The abdomens of insects were dissected in saline under a stereoscopic microscope. Females were classified as being reproductive or non-reproductive (diapause) on the basis of ovarian development, i.e. females with light-blue yolk deposition in the oocytes were judged to be reproductive, and those with no deposition were judged to be in diapause (Numata and Hidaka, 1982).
dsRNA of pdf was synthesized from the plasmids containing the pdf gene fragment. For a control, dsRNA from β-lactamase (bla), which provides bacteria with ampicillin resistance, was also synthesized using pGEM-T Easy Vector (Promega). Each plasmid was used as a template for PCR with Pwo Super Yield DNA Polymerase (Roche, Penzberg, Upper Bavaria, Germany) according to the supplier's instructions. The primers used in the reactions were pdf8-F (5′-ACG CAG AGT ACA TGG GGA GT-3′), pdf8T7-R (5′-TAA TAC GAC TCA CTA TAG GGA GAC CAC GTA GGG ATT CCG AGG AGT GAG T-3′), pdf8T7-F (5′-TAA TAC GAC TCA CTA TAG GGA GAC CAC GTA CGC AGA GTA CAT GGG GAG T-3′) and pdf8-R (5′-AGG GAT TCC GAG GAG TGA GT-3′) for pdf, and pGBetalacm-F1 (5′-TCG CCG CAT ACA CTA TTC TC-3′), pGBetalacmT7-R1 (5′-TAA TAC GAC TCA CTA TAG GGA GAC CAC GTA CGA TAC GGG AGG GCT TAC-3′), pGBetalacmT7-F1 (5′-TAA TAC GAC TCA CTA TAG GGA GAC CAC GTC GCC GCA TAC ACT ATT CTC-3′) and pGBetalacm-R1 (5′-TAC GAT ACG GGA GGG CTT AC-3′) for bla. dsRNAs were synthesized using a T7 Ribomax Express RNAi System (Promega) according to the supplier's instructions. dsRNAs were dissolved in 0.9% NaCl (saline) and stored at −20°C until use.

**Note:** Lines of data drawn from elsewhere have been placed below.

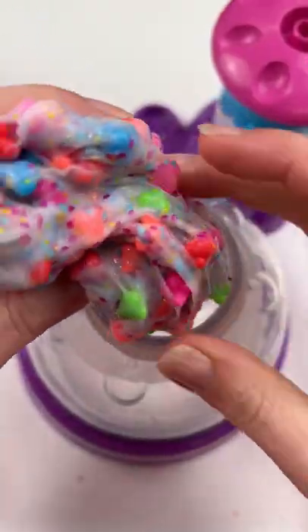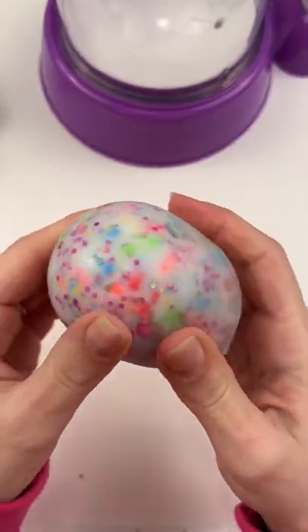You guys, this slime is really cool. I didn't know how I'd like it since it wasn't clear, but we're going to get it all down in the machine and get it off and take a look.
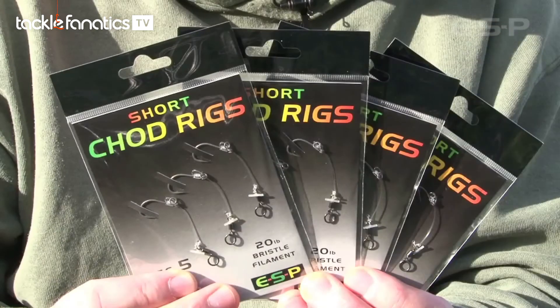ESP have been producing terminal gear for chod rigs and so on for many years, so they decided to bring out a range of bespoke pop-ups to complement the tackle.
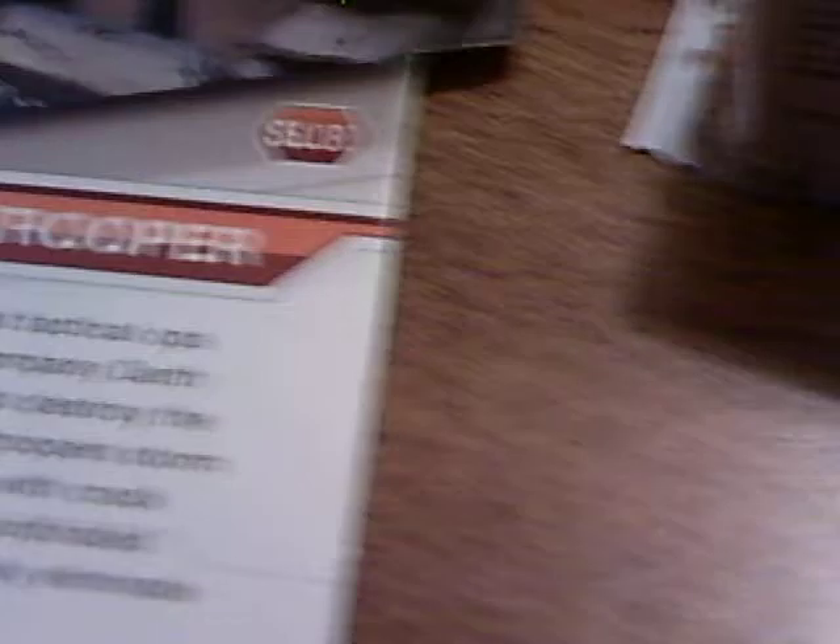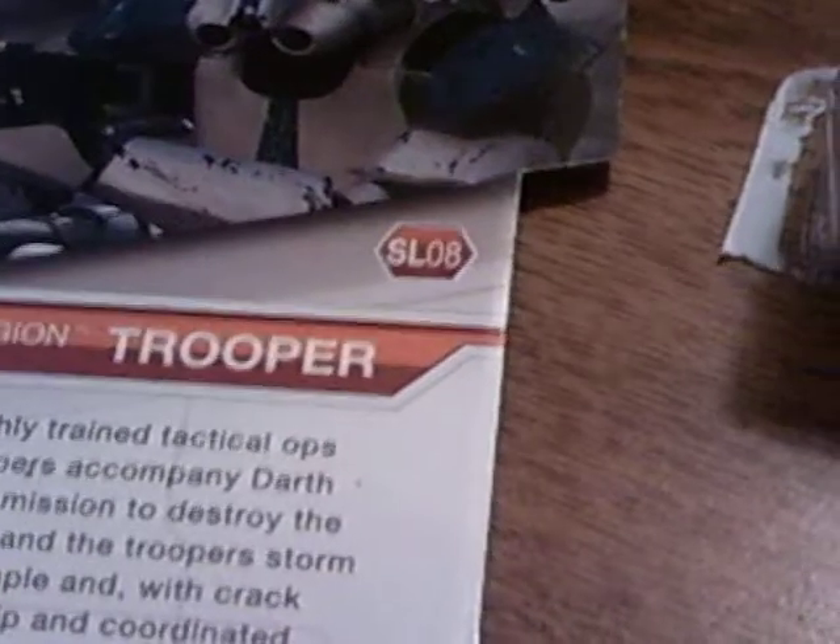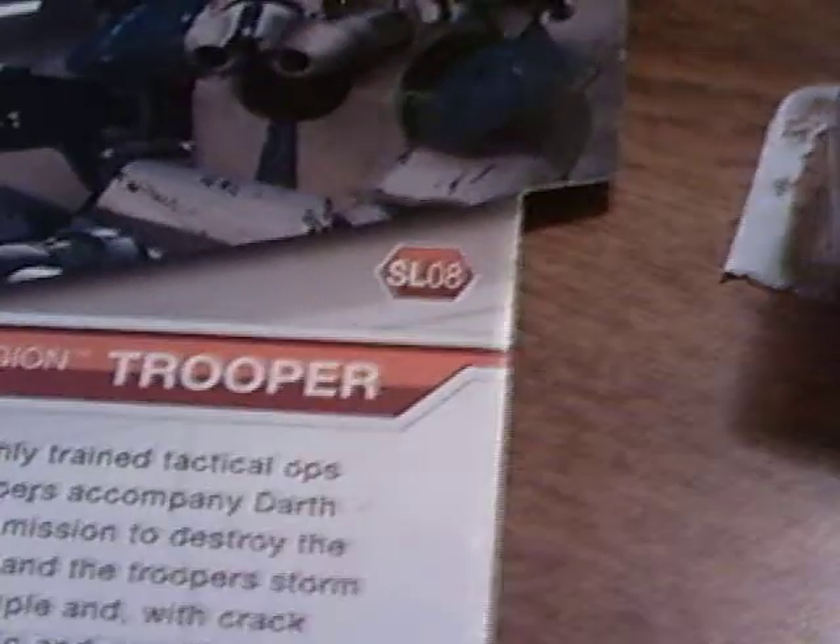Still picture of the figure. Figure wave. And then I'll read you what it says: 'These highly trained tactical ops clone troopers accompany Darth Vader on a mission to destroy the Jedi. Vader and the troopers storm the Jedi temple, and with crack marksmanship and coordination, team maneuvers quickly eliminate the Jedi inside.' Pretty cool.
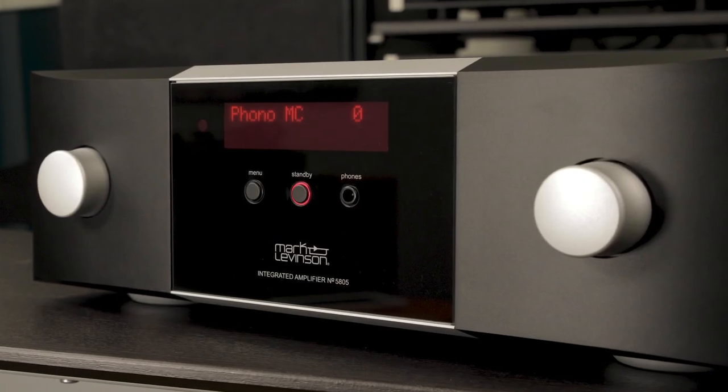Hi, Tommy here with Worldwide Stereo, here to talk to you about the new Mark Levinson number 5805 integrated amplifier.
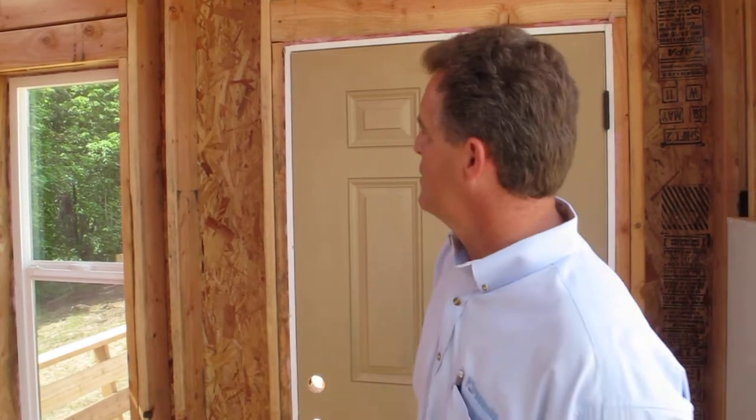Hi, this is Jeff Steffel with ProBuild. Here in our display we showed three different types of building techniques.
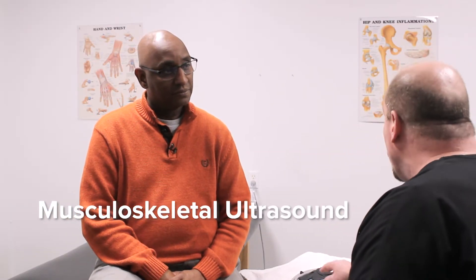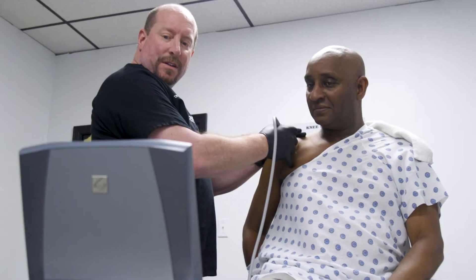So this is a musculoskeletal ultrasound. What we do is we use this probe here to look at elbows and hands and shoulders and anything that is in the extremities to find out if you have any kind of tendinopathy or tendon problem, nerve problem, muscle problem, and even if you have fractures, it can show fractures.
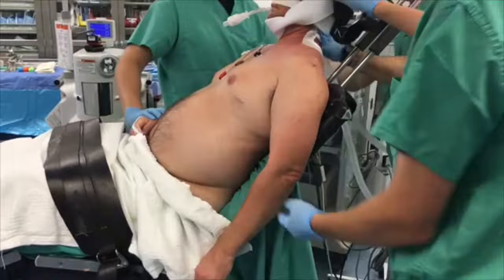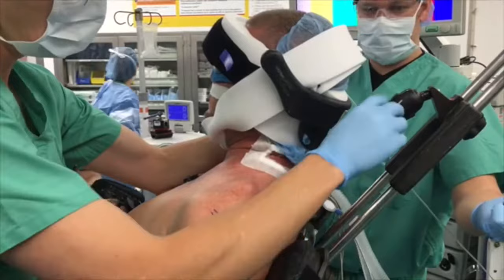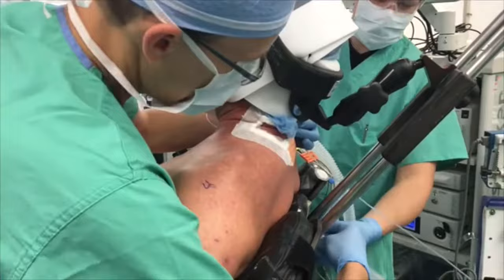Once the patient is sitting up, the head positioner must be readjusted to assure their neck is in the neutral position. Again, care must be taken to make sure you completely lock the head positioner.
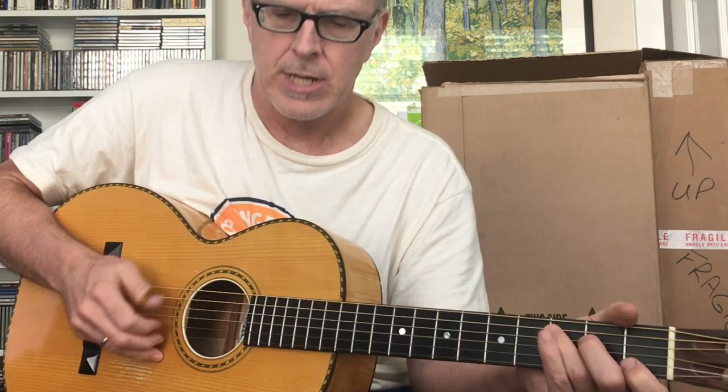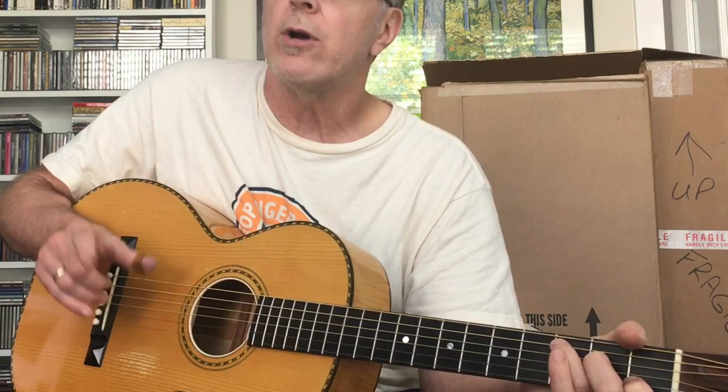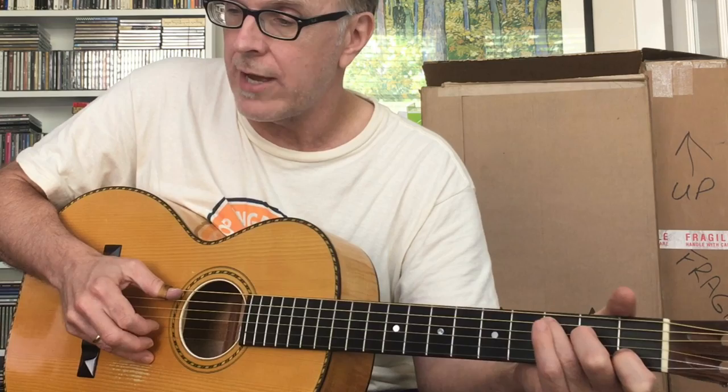Once you've got that, what you want to do is just add one note. I'd say just the index finger on that second string. You want to do that one note at the same time that you do the bass note. I'm doing it every other bass note — you could do it every one or every four.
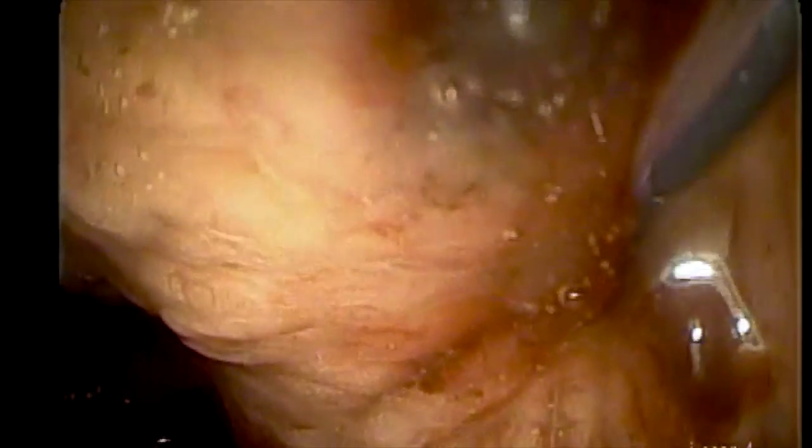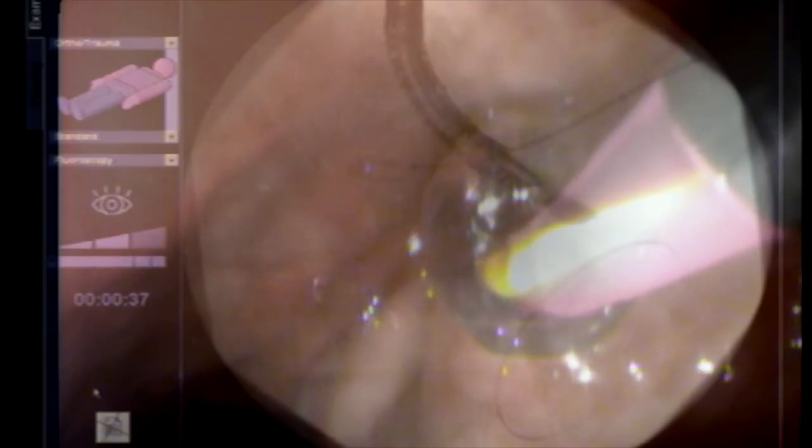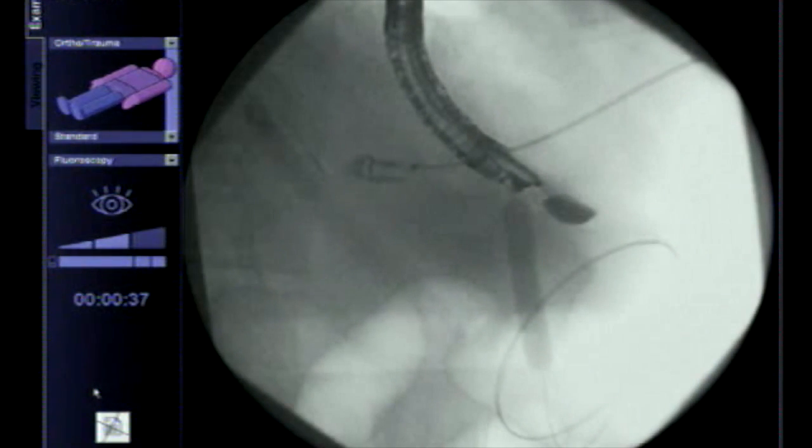We then exchange the needle over the wire and advance the needle knife. The needle knife has to be advanced within the cavity using cut current. As you can see, we need a little tension to get the needle through the thick wall of the stomach. Once done, we exchange the needle for a balloon — a 10-millimeter balloon here, though 15 or 20-millimeter balloons can be used if planning a cystectomy.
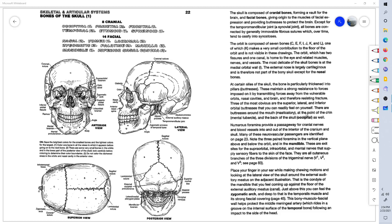Welcome to page 22 of Anatomy Coloring Book. This is Dr. Stephen Harkins. The bones of the skull.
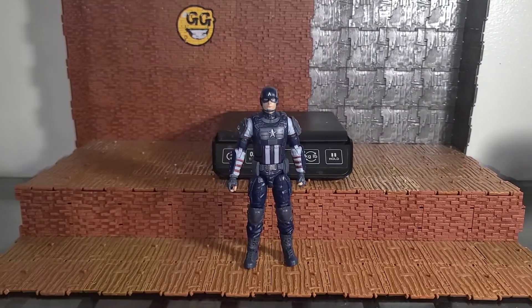Anyway folks, that's it for this guy. Like, comment, subscribe — let me know what you think about this figure and the review in general. Love yourself, love your neighbors, love your enemies if you can, and always remember: action figures speak louder than words. Peace.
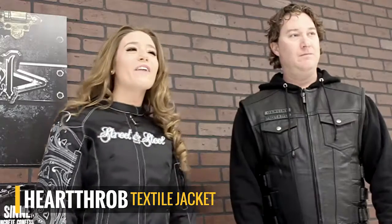Hi! Today, Adam and I are going to talk about the Heart Throb Jacket. It's a well-featured riding jacket designed to keep you safe and comfortable. You're right, Michelle. There is a multitude of features in this jacket.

Formation of dsRNAs was confirmed by native electrophoresis using a 1.5% agarose gel. One microgram of each dsRNA in 1 μl of saline was injected into the head using a glass capillary within 24 h of adult emergence. Twenty days after the dsRNA injection, the reproductive status was checked.
To verify the silencing of pdf transcription after dsRNA injection, northern blotting was performed. Total RNAs were isolated from the heads of four insects reared under short-day conditions at ZT8 on day 5 as described above, and mRNA was purified using a PolyATtract mRNA Isolation Systems Kit (Promega). For the analysis, 420 ng of mRNA was used, and tub was used as a control. DNA probes were generated from the linearized plasmid DNA containing each gene fragment using a PCR DIG Probe Synthesis Kit (Roche). Hybridization was performed at 50°C with DIG Easy Hyb Granules (Roche). Chemiluminescent signals were detected with a Lumino Image Analyzer LAS-1000 (Fujifilm, Tokyo, Japan).
We are grateful to Dr K. Tomioka at Okayama University for kindly providing the antiserum.
This work was supported by a Grant-in-Aid for Scientific Research (B) [70172749 to H.N.] and a Grant-in-Aid for the Japan Society for the Promotion of Science Fellows [09J03885 to T.I.] from the Japan Society for the Promotion of Science.
The authors declare no competing financial interests.